Sur les réseaux sociaux comme le désormais
célébrissime Facebook, fleurissent des groupes proposant des
intitulés tels que « Pour que les médias [...]
arrétent de faire peur et de mentir aux gens ", « Le vrai visage de
l'islam, pas celui des médias ", « Pour que les médias
arrêtent de salir l'islam ", ou encore « Contre l'association
d'islamiste à terroriste ", etc.
A noter que, dans chacun de ces groupes, dans la partie «
description ", les médias sont systématiquement
incriminés. Qualifiés de « manipulateurs " et «
mensongers " il leur est également reproché d'être
manipulés par le monde politique.
Plus largement, sur les forums et salons de discussions
virtuels on retrouve un même engouement pour ce sujet. L' « islam
médiatique " semble déchaîner les passions et ce, quelle
que soit la tranche d'age puisque, méme les ados en discutent. Beaucoup
s'interrogent : « Que pensez-vous du traitement de l'islam dans les
médias ? " (
Bladi.net), « Pourquoi les
médias ont pris l'islam et les musulmans pour cibles ? ", «
Pensez-vous que les médias donnent une mauvaise image de l'islam de
France ? " (Yahoo
Questions.fr) et d'interminables
sujets de discussions sont disponibles sur Internet (« La diabolisation de
l'islam par le biais des médias", « L'islam présenté
par les médias et le vrai islam ").
En revanche, si l'on tape les mots-clefs « juifs,
médias ", il n'y a aucun sujet similaire. Personne ne semble remettre en
cause le traitement médiatique de la religion juive. C'est même
plutôt le questionnement inverse qui apparaît (NDA : par
exemple « Pourquoi y-a-t-il autant de juifs dans les médias ?
").
Par ailleurs, l'entrée « chrétiens,
médias " ne permet de retrouver aucune critique particulière
concernant le traitement médiatique de la religion chrétienne.

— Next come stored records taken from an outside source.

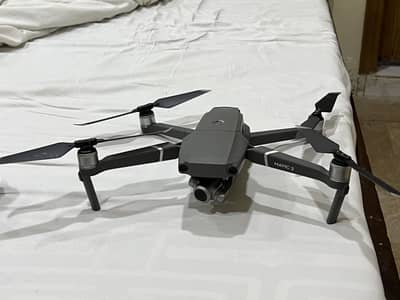 Magic zoom 2 for sale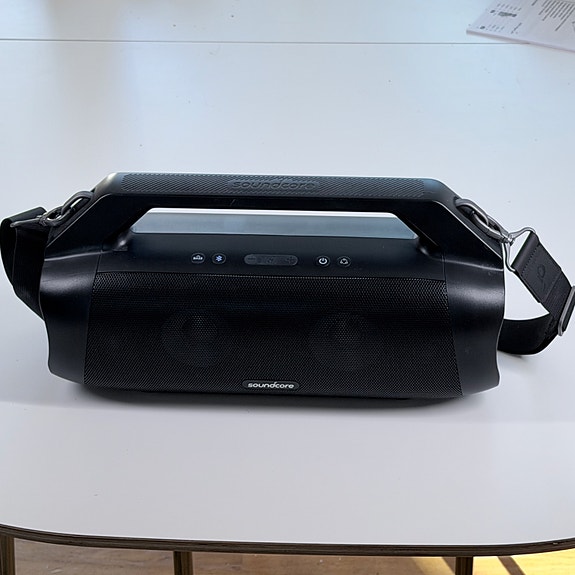 Product image 5 of 5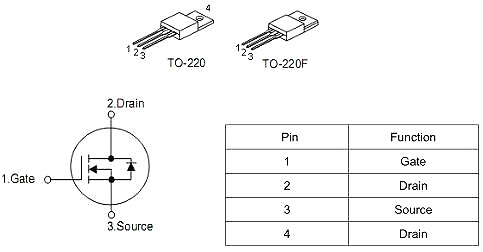 KNX4540A,4540,6A/400V KNX4540A,4540,6A/400V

Pour conclure, il apparaît donc que seul l'islam fasse
l'objet d'autant d'interrogations concernant son traitement médiatique.
Adultes, jeunes, musulmans, non musulmans, les individus semblent
s'intéresser en masse au sujet. Plus qu'un simple constat
effectué par des experts chevronnés, on assiste aujourd'hui en la
matière à un véritable débat public.
La question de la représentation que font les
médias français de l'islam est donc une question qui a une forte
existence dans la sphère publique et privée, chez les
particuliers autant que chez les professionnels. Bien plus qu'une simple
idée ou rumeur populaire, la critique de la couverture médiatique
française de l'islam et des musulmans est aujourd'hui produite et
validée par des experts crédibles et documentés qui
appuient leurs conclusions sur des analyses rigoureuses et impartiales.
De leur côté, depuis les années 2000, des
auteurs issus de divers horizons ont même trouvé en ce sujet,
matière à rédiger des ouvrages de centaines de pages.
3) Des auteurs qui s'alarment :
« Je ne suis pas du tout fasciné par l'islam.
Ce
qui m'intéresse davantage c'est en quoi et comment,
dans la
société française, l'islam est utilisé,
fabriqué
et instrumentalisé à d'autres fins. Et cela
nous
concerne tous collectivement. "
Thomas Deltombe, journaliste.
En ce début de XXIème siècle,
riche en affrontements géopolitiques, la question de la
représentation que les médias offrent de l'islam semble avoir
cristallisé nombre de tensions. Sous-tendue par de multiples
phénomènes connexes, cette question est complexe, transversale,
et en cela elle nécessite des centaines de pages d'exposé.
C'est à cette tâche que se sont attelés
quelques auteurs français qui, unanimement (et en s'appuyant sur un
travail de recherche parfois colossal) dénoncent un traitement
médiatique stigmatisant, voire islamophobe, de la religion musulmane en
France. Voici un bref résumé des travaux de trois d'entre eux,
reconnus comme des spécialistes du sujet.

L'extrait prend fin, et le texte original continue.